I've written extensively on unnecessary and unconstitutional war, yet I didn't run on an antiwar platform — but rather an anti-nation-building one. Yet nation-building is indeed war, and endless expanding war is fundamental to state power. As my campaign progressed, this country engaged in war on three continents without pause. It conducted cyber war, economic war, and direct action in foreign countries – all without any Congressional declarations of war, and all with repeated votes by my opponent to fund these unconstitutional activities. My opponent, even during our campaign, voted to expand the military, to further incorporate drones into American policing in every state, and he even refused to support the Smith-Amash Amendment to strip the NDAA of its egregious citizen military detention clause. My lack of boldness on the issue of illegal war and expansion of the national security state was a gift to status quo nationalism, and my opponent's sorry voting record continued unabated and largely unquestioned.

During our campaign, we constantly criticized the incumbent for his tendency to support the best compromise he can get, rather than opposing evil and unconstitutional legislation straight up. I have since concluded that such compromise is not only rotten, but indeed futile. Better to go with a full frontal assault, the yes or no, up or down. Better to unleash the truth, fire the kill shots, and never compromise. Yet, politicians by their very nature are appeasers and deal makers. After completing this race, I increasingly see political campaigns as battles in what must be understood as a war with the state, and certainly a war between the people and Washington, DC.

Our campaign was also a beautiful experiment in the nature of spontaneous cooperation and free exchange. Many talented people came together, often just in time, and offered their special talents and skills to create great value that blessed more than just our campaign. We grew, as Tom Woods eloquently points out, a remnant of sorts in our own district, and we planted seeds for a geography of liberty in this part of Virginia that will not be denied.

I'll stand again in opposition to the soon-to-be-eleven-term incumbent. A few years ago, I called out the neocon pack in the midst of their carcass-feeding war lust, and faced their nips and whines, their bared fangs and bad breath, with amusement and chuckling.
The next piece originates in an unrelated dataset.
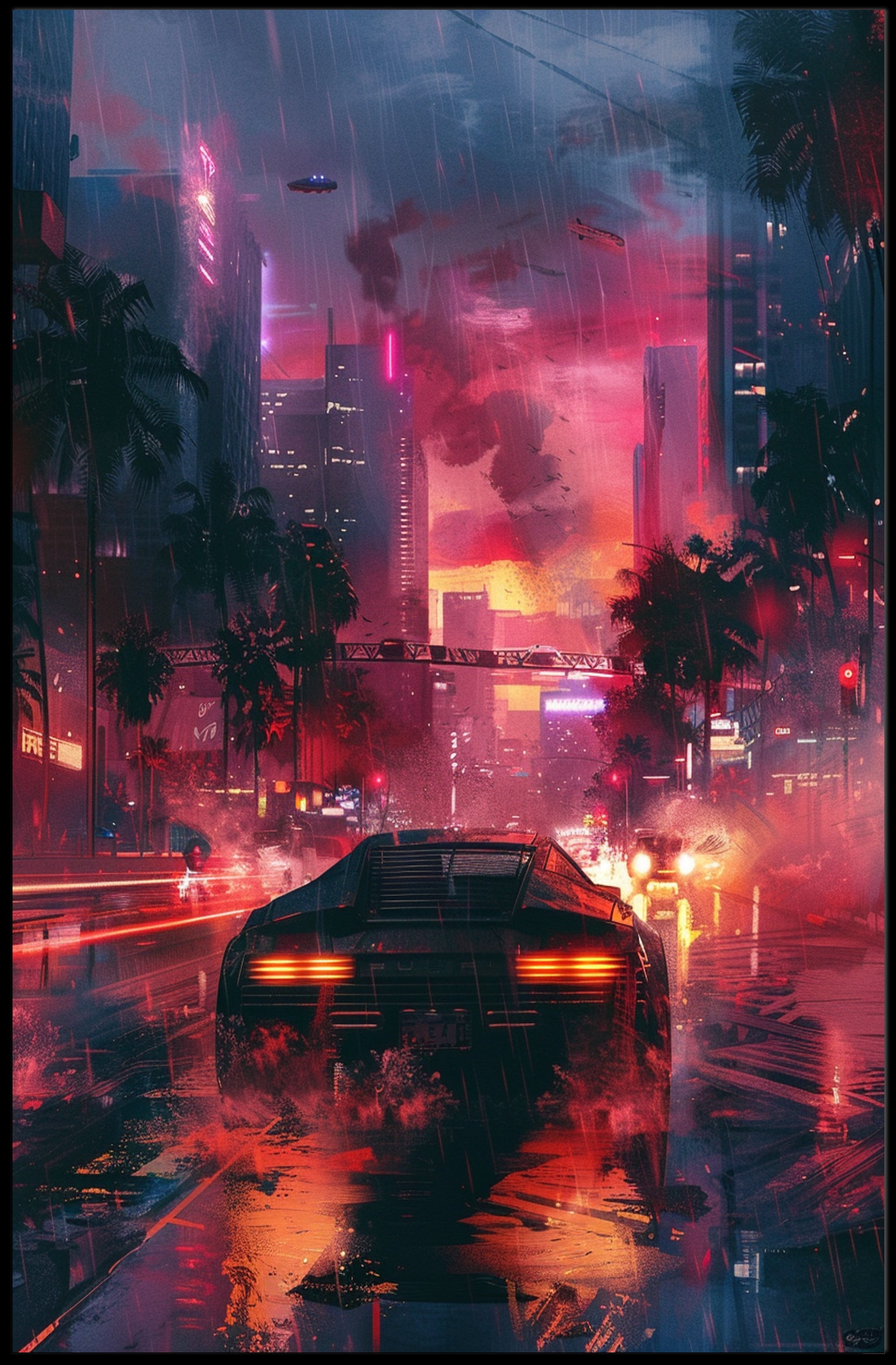 Futuristic Neon Cityscape Sci-Fi Adventure Poster PosterGoat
Taking on a single lousy politician – who waivered when I shook his hand after the election, and literally quaked when I impulsively gave him a bear hug – is child's play. It's not to my credit, but it could be my area of specialization. The politics of liberty and attitudes of pure contempt for the jack-booted state will be expanded, more widely considered, and more viable as a result of my continued public resistance.

I plan to be more bold, more principled, and will shoot to kill (so to speak) without compromise. Will this approach get a majority vote among the minority who show up in primary elections? Will we dominate in a convention, or will an aggressive campaign to save the country from Washington professionals drive people to defend the status quo even more vociferously? Will the voting behavior of our targeted representative improve in the interim?
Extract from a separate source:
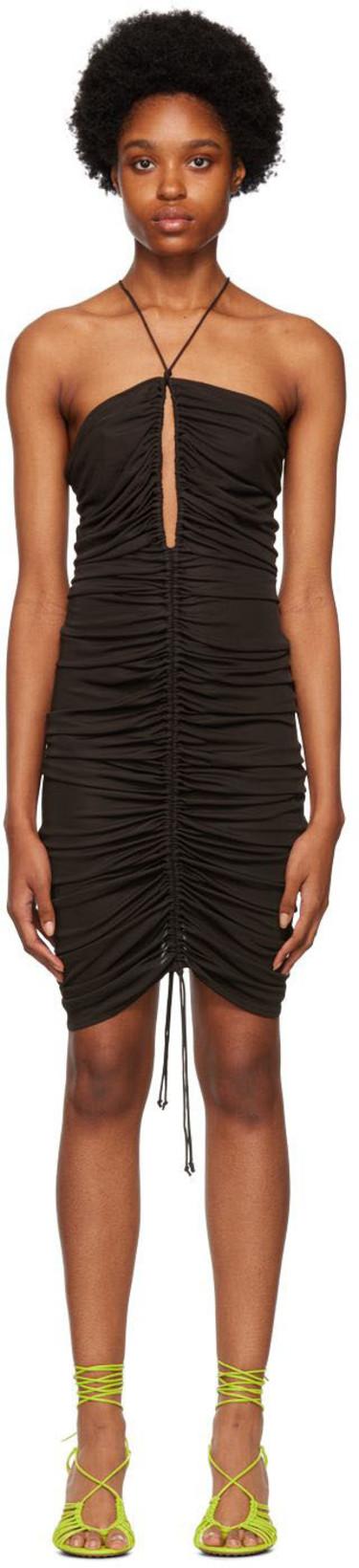 Black Halter Mini Dress by BOTTEGA VENETA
I suspect that campaign professionals will despair that I haven't learned the "right" political lessons. They would surely advise to go mild, broaden the base, and never attack directly. But that's no fun, and for me, it wouldn't be honest. I'd rather be an outlier square in the path of where political action is going, rather than where it has been. That may make me as self-serving and arrogant as the career politician I'm targeting, but knowing exactly where I want to be in a long war against DC may also be a strategic advantage. Having completed a political campaign, and lost, I've gained a new awareness of the nature and vulnerabilities of incumbent politicians in the current era of American national socialism. More importantly, I've glimpsed the unlimited possibilities and glorious impact of individual decisions to challenge the illusion of central authority and to live free, by no man's leave and as we wish.